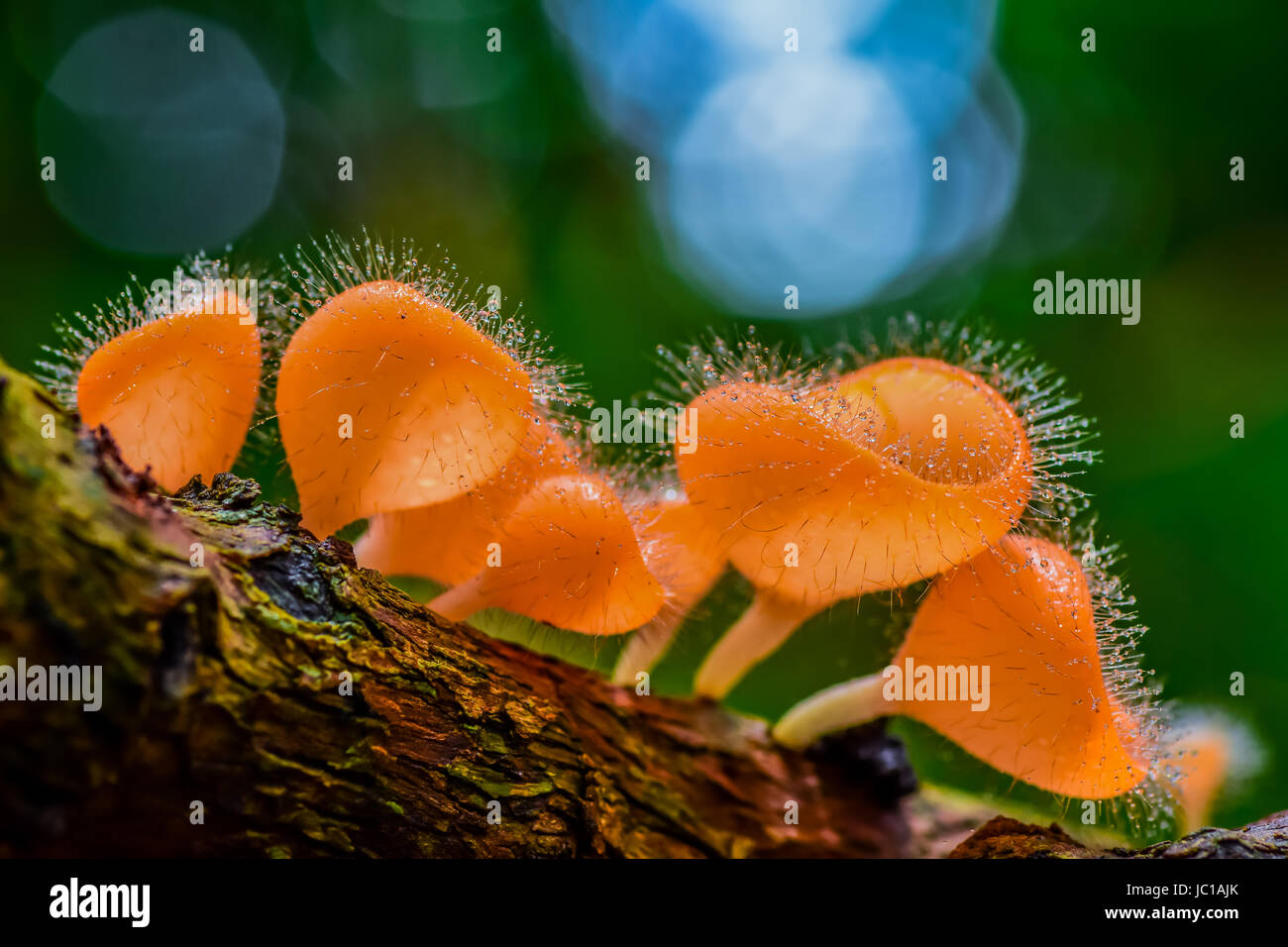 Hairy mushroom with water drops in national park of Thailand Stock Photo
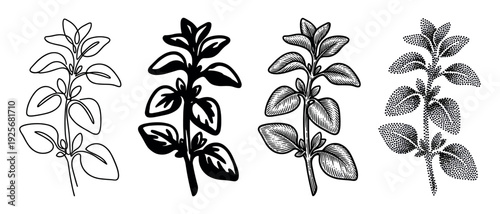 Four oregano sprig illustrations in different artistic styles including line art, silhouette, engraving, and stippling, showcasing a versatile set of botanical drawings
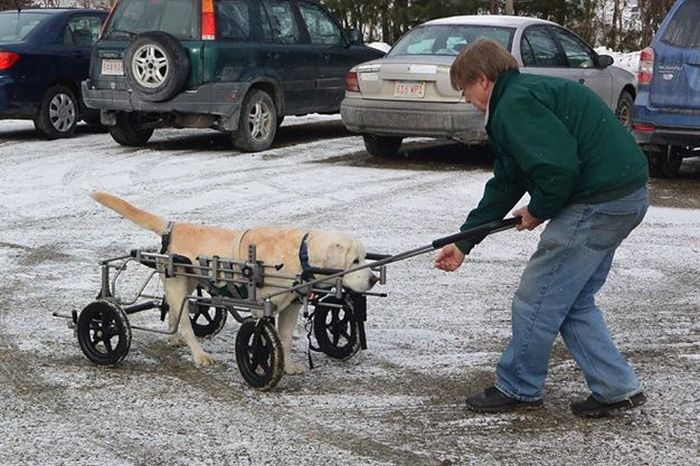 These Dogs In Wheelchairs Are The Cutest Thing You'll See Today
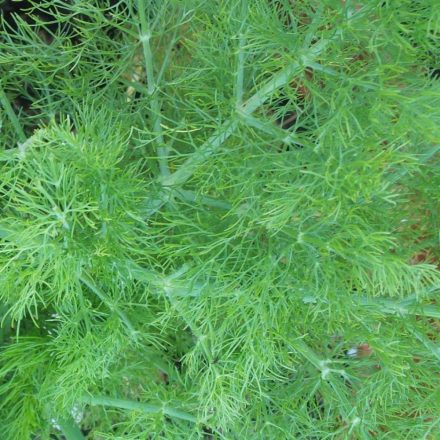 Édeskömény (Foeniculum vulgare) vetőmag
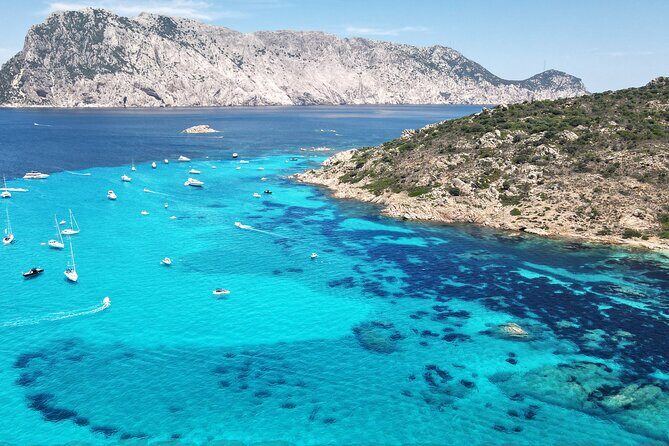 Tavolara excursion - The Details of the Tavolara Excursion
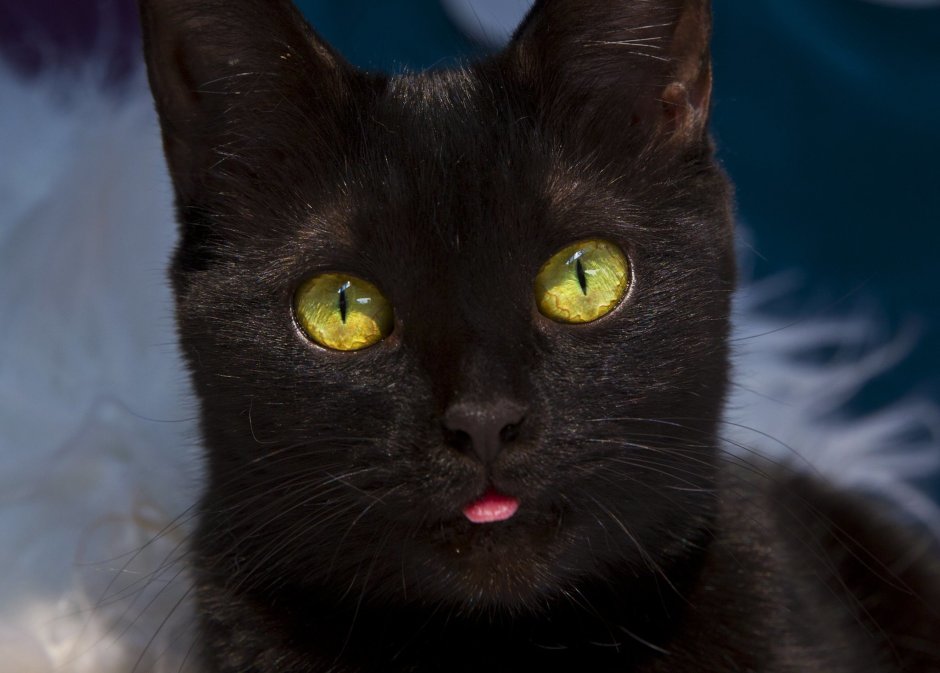 Европейская короткошерстная кошка черная дымчатая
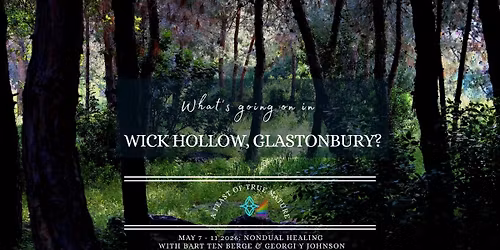 Awakening as the Field - with Georgi & Bart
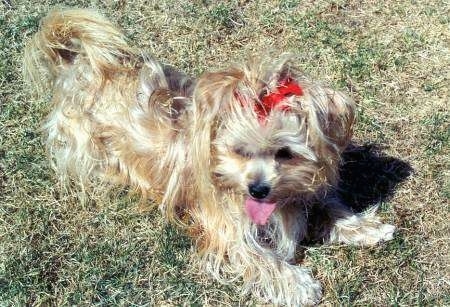 Top down view of a long coated, tan with white Yorkie that is laying on grass. It is wearing a red ribbon, it is looking forward, its mouth is open and its tongue is out.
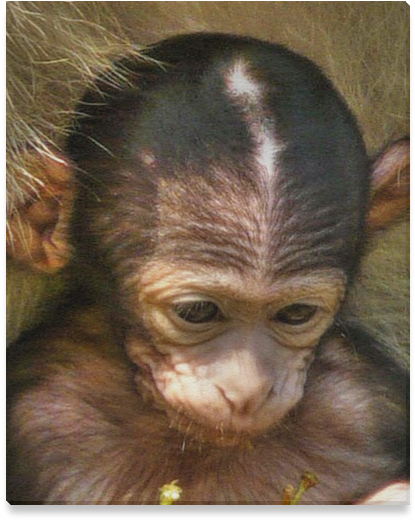 Baby Orangutan Contemplation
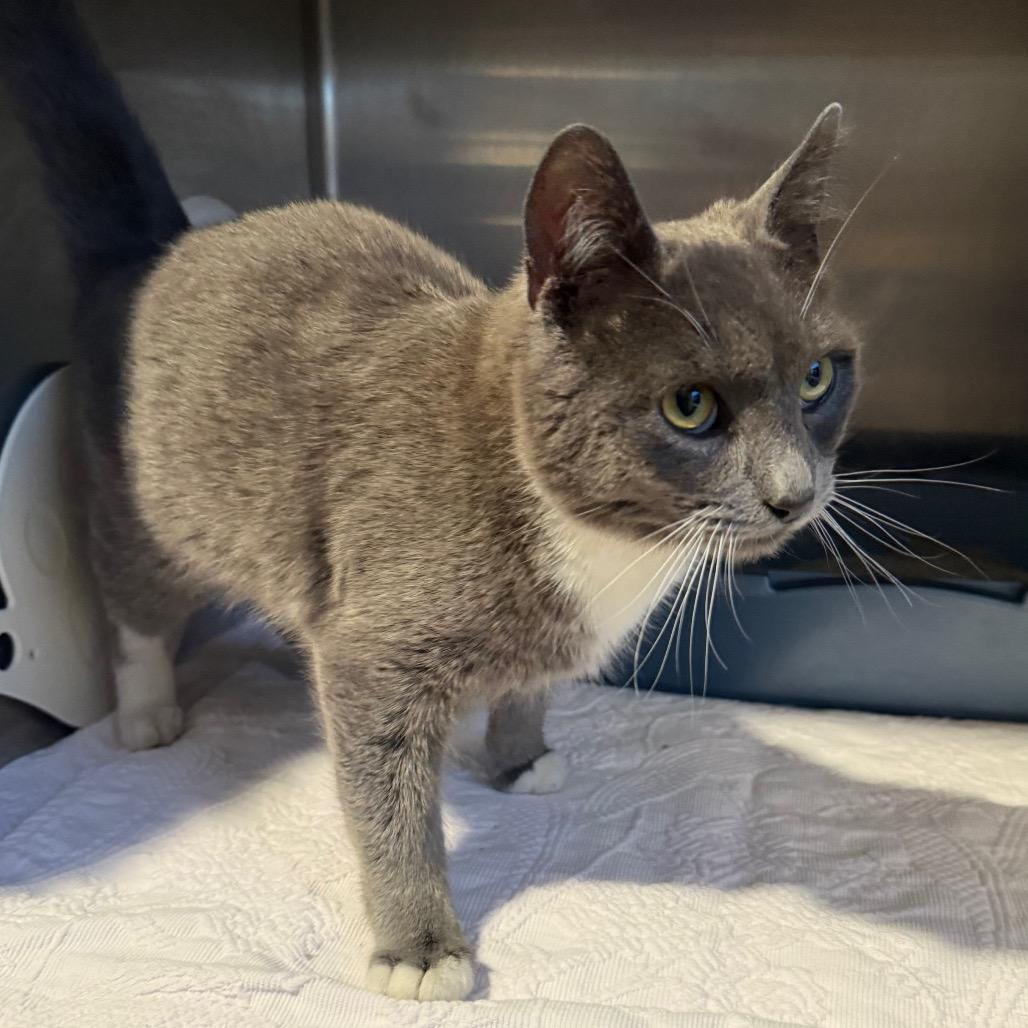 Enlarge Mittens, a Adoptable Domestic Short Hair in Cedaredge, CO image 5/6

____

Brief :: Write out exactly the lines of the material above, starting with the first and finishing with the line that contains "Édeskömény (Foeniculum vulgare) vetőmag", without pictures.

Exercise solution ::
 Hairy mushroom with water drops in national park of Thailand Stock Photo
 Four oregano sprig illustrations in different artistic styles including line art, silhouette, engraving, and stippling, showcasing a versatile set of botanical drawings
 These Dogs In Wheelchairs Are The Cutest Thing You'll See Today
 Édeskömény (Foeniculum vulgare) vetőmag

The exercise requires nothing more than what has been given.